七色の鱗 15
『目の前がぐるぐると回転して見える。今が夢なのか現実なのかがわからなくなる。
いや、わかっているのかもしれない。頭のどこかがこれは紛れもない現実だと確信している。しかし、それをはるかに上回る音量で脳裏に声が響く。
…ここは俺のいるべき世界ではない、と。
今が現実だと確信する自分と、これは現実などではないと叫ぶ自分が交差する。
片方はどんどん弱く、片方はどんどん強く。
俺はどんどんと石に引き付けられる。
これが現実だとは信じたくない。
あの世界がただの夢であったと、一時の水泡であったと、どうしても信じられない。
俺はきっとこの世界が夢であの世界が現実だと信じたくて、そしてもう心のどこかで信じてしまっているのだろう。

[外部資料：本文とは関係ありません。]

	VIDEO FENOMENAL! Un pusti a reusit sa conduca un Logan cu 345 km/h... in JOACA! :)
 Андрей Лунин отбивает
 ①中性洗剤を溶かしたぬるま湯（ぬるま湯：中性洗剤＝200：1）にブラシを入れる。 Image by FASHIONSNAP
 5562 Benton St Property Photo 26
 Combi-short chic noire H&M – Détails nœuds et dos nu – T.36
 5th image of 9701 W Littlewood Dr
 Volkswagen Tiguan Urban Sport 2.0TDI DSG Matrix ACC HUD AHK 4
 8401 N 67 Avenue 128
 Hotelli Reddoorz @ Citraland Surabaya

この世界を捨ててあの世界に、俺の本来いるべき現実に帰りたいと、悲鳴が上がる。
あそこに行きたい、そしてここにもう二度と戻りたくはないと、絶叫が聞こえる。
ああ、俺はもう手遅れだ。
もうどれが夢で、どれが現実かわからない。
ただ、あの世界が現実であってほしいと心の底から願ってしまう。
今これを書いている俺の中の最後の理性も、いつしか絶叫する俺自身に変貌するだろう。
その時は俺の最後だ。
たぶん血走った目でベッドに入り。
そしておそらくもう戻ってくることはあるまい。
この世界は理不尽だ。俺を必要としてくれる人はここにはいない。この世界は不可解だ。俺の必要とする時はここにはない。
これこそが都市伝説の真実だろう。
現実がわからない、夢もわからない。だが、行きたいと切望する世界が見えて、幸か不幸か隔てるものは何もない。
この世界を捨てて、あの世界へ。現実から夢の中へ、それとも夢から現実へ。
はじめはあんなに恐ろしいと感じていた都市伝説だが、今はその眠りを渇望している。
夏島さんのお母さんには大変申し訳ない気もする。しかしこれが俺の選択であって、そして夏島さんのお母さんも夢の中の存在である以上、もう俺には関係ない。
それに、目が覚めなくなった夏島さん自身だって、きっと己のいるべき世界に帰ったということだろう。そうであるならば、あの覚めない眠りそのものが、今彼女が幸せであるという事実を象徴しているのではないだろうか。
そろそろこの日記も終わりにしよう。
しかし最後に、裕太にメッセージを残そうと思う。初めからそのために書き始めたノートだ。
それにあの時裕太は俺の目を見て『信じている』といった。なんの臆面もなく真剣に俺に語り掛けた。きっと裕太は少なくとも俺自身をまっすぐに見つめて信用して、そしてもしかしたら必要としていてくれたのかもしれない。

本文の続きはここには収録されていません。